"Zero Dark Thirty," an Oscar picture nominee and an American Film Institute movie of the year, is an intense cinema-going experience.
"Zero Dark Thirty" is nothing less than an account of the decade-long hunt for al-Qaeda terrorist leader Osama bin Laden following the Sept. 11, 2001, terrorist attacks on the World Trade Center and The Pentagon and bin Laden's killing by United States Navy S.E.A.L. Team 6 in May 2011.
Director Kathryn Bigelow apparently had access to classified information. That access, in itself, has caused controversy to swirl around "Zero Dark Thirty," one of those feature movies that has leaped from the media's movie review pages to the front pages to Congress.

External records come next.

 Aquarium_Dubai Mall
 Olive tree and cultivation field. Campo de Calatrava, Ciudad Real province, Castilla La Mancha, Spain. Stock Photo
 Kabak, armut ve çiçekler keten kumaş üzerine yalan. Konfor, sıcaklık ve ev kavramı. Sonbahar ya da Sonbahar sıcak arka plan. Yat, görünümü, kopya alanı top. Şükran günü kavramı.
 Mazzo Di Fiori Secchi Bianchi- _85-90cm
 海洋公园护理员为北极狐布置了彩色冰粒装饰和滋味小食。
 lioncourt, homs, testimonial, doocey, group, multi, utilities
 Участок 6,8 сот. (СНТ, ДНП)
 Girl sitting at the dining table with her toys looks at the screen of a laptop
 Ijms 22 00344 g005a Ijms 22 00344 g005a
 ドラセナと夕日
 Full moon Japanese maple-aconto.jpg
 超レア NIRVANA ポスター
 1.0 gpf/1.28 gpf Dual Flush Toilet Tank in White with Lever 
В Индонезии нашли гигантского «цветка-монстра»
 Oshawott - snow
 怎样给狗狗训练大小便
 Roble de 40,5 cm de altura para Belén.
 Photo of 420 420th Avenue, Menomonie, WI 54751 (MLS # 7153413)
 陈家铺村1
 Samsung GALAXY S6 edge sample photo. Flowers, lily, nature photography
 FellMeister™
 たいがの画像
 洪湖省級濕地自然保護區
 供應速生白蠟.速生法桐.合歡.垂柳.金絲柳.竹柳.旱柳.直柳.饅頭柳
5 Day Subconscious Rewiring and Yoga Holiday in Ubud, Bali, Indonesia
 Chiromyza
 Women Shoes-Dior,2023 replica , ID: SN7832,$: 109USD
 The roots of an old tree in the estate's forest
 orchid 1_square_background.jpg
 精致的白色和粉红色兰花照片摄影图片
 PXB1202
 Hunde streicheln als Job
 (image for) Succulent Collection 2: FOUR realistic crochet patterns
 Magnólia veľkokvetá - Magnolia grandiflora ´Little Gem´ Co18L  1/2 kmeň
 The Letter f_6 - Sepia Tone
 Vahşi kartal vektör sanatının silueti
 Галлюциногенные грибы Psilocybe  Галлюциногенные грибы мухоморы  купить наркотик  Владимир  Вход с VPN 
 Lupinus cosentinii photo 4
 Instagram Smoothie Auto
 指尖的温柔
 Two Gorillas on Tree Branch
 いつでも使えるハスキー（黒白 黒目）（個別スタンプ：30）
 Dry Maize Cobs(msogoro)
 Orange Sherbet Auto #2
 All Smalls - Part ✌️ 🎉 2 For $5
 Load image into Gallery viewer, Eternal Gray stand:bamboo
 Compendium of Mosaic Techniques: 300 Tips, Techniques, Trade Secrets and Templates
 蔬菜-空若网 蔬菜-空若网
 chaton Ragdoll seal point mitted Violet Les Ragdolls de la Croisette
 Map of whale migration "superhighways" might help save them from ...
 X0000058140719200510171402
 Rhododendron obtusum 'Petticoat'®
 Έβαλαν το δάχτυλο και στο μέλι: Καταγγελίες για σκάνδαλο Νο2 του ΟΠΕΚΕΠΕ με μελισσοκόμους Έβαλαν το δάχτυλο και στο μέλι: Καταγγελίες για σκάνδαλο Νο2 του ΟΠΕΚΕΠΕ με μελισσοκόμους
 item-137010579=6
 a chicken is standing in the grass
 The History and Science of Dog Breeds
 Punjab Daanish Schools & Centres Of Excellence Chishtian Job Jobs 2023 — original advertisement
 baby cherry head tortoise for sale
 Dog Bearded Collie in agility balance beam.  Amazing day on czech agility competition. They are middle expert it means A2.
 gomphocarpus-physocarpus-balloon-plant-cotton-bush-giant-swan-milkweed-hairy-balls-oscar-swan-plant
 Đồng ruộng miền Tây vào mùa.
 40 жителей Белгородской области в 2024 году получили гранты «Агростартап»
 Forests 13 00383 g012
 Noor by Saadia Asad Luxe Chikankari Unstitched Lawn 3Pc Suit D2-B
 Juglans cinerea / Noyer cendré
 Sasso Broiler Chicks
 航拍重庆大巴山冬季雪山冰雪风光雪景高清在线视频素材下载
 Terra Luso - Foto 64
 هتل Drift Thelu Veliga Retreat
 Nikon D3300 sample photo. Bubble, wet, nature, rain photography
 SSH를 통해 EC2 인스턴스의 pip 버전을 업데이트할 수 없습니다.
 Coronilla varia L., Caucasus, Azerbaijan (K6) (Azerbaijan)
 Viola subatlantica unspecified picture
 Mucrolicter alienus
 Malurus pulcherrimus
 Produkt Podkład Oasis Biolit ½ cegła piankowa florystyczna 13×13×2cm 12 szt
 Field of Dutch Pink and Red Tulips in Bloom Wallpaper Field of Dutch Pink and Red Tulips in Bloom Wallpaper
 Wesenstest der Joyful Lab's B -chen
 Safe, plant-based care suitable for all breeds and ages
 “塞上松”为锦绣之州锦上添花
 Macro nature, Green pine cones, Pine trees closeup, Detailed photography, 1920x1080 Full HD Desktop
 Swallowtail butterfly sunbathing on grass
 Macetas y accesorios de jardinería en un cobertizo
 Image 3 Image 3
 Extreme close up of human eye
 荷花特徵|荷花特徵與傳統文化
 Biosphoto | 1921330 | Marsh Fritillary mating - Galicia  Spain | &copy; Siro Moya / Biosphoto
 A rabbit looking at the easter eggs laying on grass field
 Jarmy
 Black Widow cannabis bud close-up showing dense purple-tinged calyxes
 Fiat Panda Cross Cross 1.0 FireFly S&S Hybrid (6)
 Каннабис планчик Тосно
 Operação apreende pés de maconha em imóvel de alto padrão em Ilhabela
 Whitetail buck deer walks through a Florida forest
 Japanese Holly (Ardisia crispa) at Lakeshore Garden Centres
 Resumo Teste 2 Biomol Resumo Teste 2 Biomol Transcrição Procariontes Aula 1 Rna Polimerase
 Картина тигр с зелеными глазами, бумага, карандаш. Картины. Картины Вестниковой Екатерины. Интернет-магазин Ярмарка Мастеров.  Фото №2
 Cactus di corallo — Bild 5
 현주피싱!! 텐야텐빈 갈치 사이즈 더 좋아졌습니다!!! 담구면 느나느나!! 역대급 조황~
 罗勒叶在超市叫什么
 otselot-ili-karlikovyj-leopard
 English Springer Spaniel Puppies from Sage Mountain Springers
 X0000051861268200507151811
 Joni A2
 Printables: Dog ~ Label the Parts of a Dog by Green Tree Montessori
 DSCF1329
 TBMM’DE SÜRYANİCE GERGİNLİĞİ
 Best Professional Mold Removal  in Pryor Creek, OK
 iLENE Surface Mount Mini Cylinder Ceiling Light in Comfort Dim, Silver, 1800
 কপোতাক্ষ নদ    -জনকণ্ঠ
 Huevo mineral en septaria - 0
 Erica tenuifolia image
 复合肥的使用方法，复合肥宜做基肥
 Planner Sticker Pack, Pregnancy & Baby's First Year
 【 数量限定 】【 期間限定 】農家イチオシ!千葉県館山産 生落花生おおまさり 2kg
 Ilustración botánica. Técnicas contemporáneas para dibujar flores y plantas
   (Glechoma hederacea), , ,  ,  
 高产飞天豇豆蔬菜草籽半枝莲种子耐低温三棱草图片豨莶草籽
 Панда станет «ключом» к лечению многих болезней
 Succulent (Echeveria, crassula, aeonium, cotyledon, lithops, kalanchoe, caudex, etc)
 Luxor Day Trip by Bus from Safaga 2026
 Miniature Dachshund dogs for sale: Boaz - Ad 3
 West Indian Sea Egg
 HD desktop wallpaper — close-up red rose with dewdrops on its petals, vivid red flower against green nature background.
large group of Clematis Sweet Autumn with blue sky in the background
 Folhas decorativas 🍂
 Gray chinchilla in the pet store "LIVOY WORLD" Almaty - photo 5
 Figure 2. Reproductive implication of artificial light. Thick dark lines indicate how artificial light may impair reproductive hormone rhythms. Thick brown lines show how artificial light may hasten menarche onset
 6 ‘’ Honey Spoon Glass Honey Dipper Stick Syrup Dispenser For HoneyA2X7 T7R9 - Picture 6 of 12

One of the more damaging allegations against Bigelow is that her access to classified United States' government information about the mission and the film's representation of what is euphemistically called "enhanced interrogation techniques" in helping to obtain crucial information from captured terrorists has compromised her objectivity as a film-maker.
While you and I may never know all of the facts behind the mission of "Zero Dark Thirty," with the title referring to the military term for 12:30 a.m., believed to be the start of the Team 6 raid, Bigelow has directed an extraordinary piece of cinema, which is not unlike that of a documentary in its depiction of what seems to be an insider's view of the "trade craft" during an important chapter in American history.
The first hour of "Zero Dark Thirty" is torture, literally and figuratively. The movie-goer is taken to several "Black Sites" in the Middle East and Eastern Europe. While the torture scenes are not as graphic as, say, that of a horror film, they are horrific in their detail and may make you squirm in your seat. There's almost a sense of "The Silence of the Lambs" to some of the scenes.
The middle portion of "Zero Dark Thirty" has to do with the CIA and other government agencies, entities and officials, including those in the administrations of President Barack Obama and former President George W. Bush (with, for example, James Gandolfini portraying an unnamed CIA director) and their handling of the hunt for Bin Laden. This is TV's "West Wing" taken to new depths and heights, except it purports to be reality.
The final portion of "Zero Dark Thirty" depicts the tracking of couriers, the locating of the Bin Laden fortress in Abbottabad, Pakistan, and the raid, capture and killing there of Bin Laden. These scenes are very dark and green in color, filmed as though seen through the night-vision equipment the soldiers are wearing. The sense here is that of the "Mortal Kombat" video game.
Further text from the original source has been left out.